The ruling General's People Congress gave an even wilder exaggeration of the number of people at the counter-demonstration in Tahrir Square, putting it at 1.5 million. An AFP correspondent said the reality was a fraction of that.

Several opposition figures addressed the anti-government rally, including leading cleric Abdul Majeed al-Zendani, who is called a "global terrorist" by Washington.

Zendani said the protest movement sweeping the Arab world was "a new, effective, fast, and non-destructive means of changing regimes."

Blaming Israel, US

Saleh hit back, in an address at Sanaa University. "The events from Tunisia to Oman are a storm orchestrated from Tel Aviv and under Washington's supervision," he said.

"What is taking place on Yemen's streets is just a copycat attempt," he said. The protesters are "led from outside" and are in the pay of "Zionists," he charged.

Saleh also lashed out at U.S. President Barack Obama for his repeated calls for restraint by Arab regimes that had long been key allies and his support for the popular protests that ousted veteran leaders in Egypt and Tunisia.

"Every day we hear a statement by Obama... (saying) Egypt don't do this, Tunisia don't do that... What does Obama have to do with Oman, what does he have to do with Egypt? You are the U.S. president," he said.

Washington warned Saleh to stop "scapegoating" the U.S. and Israel.

"We don't think scapegoating will be the kind of response that the people of Yemen or the people in other countries will find adequate," White House spokesman Jay Carney said.

"The protests in Yemen are not the product of external conspiracies. President Saleh knows better. His people deserve a better response," State Department spokesman P.J. Crowley said in a message on Twitter.

Secretary of State Hillary Clinton visited Yemen in January and urged Saleh to step up its fight against an al-Qaeda wing based in the country, which U.S. officials regard as a growing threat to security.

Clinton has pledged to broaden the U.S. relationship with Yemen, which has been strained by Washington's desire for quicker economic and political reforms that it believes could slow recruitment by militants.

Every day we hear a statement by Obama... saying Egypt don't do this, Tunisia don't do that... What does Obama have to do with Oman, what does he have to do with Egypt? You are the U.S. president

President Ali Abdullah Saleh

Rececting calls for resignation

Saleh, in power since 1978, has repeatedly rejected calls for his resignation, insisting he will defend his regime "with every drop of blood."
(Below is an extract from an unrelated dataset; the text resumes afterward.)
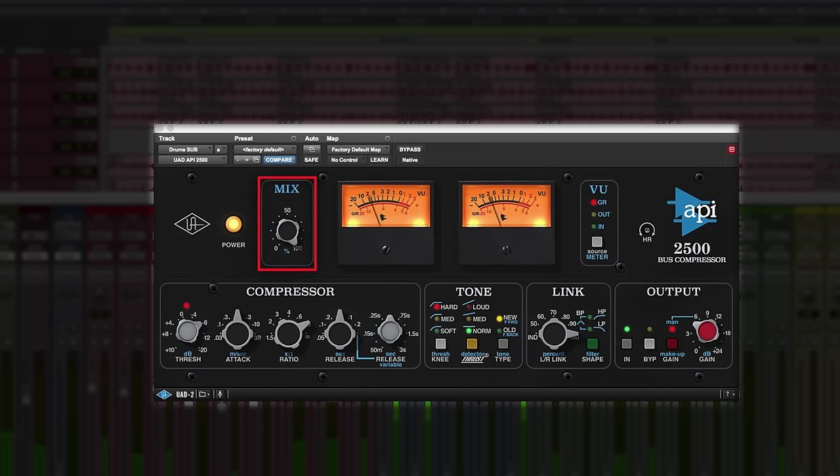Then we'll use the mix control to bring some of the dry signal back in for some nice parallel compression.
His one concession has been to pledge not to seek re-election in 2013, which the opposition has dismissed as inadequate.

Thousands of protesters also turned out on Tuesday in the southern province of Lahij.

In Seiyun, in Hadramut province further east, 19 demonstrators were wounded, two by gunfire, when they clashed with security forces, witnesses and medics said.

In the main southern city of Aden, thousands protested in al-Mansura district carrying black flags in mourning for those killed in clashes with police, witnesses said.

Demonstrations were also reported in Maalla and Crater districts.

The U.N. human rights chief warned Yemen against using violence against peaceful protesters.

"People have the legitimate right to express their grievances and demands to their government," UN High Commissioner for Human Rights Navi Pillay said in a statement issued in Geneva.

"We have seen over and over again in the past few weeks that violent responses, in breach of international law, do not make the protesters go away and only serve to exacerbate their frustration and anger."

At least 19 people, mostly in Aden, have been killed in protests and clashes across Yemen since February 16, according to an AFP tally based on reports by medics and witnesses.

Rights group Amnesty International puts the toll at 27.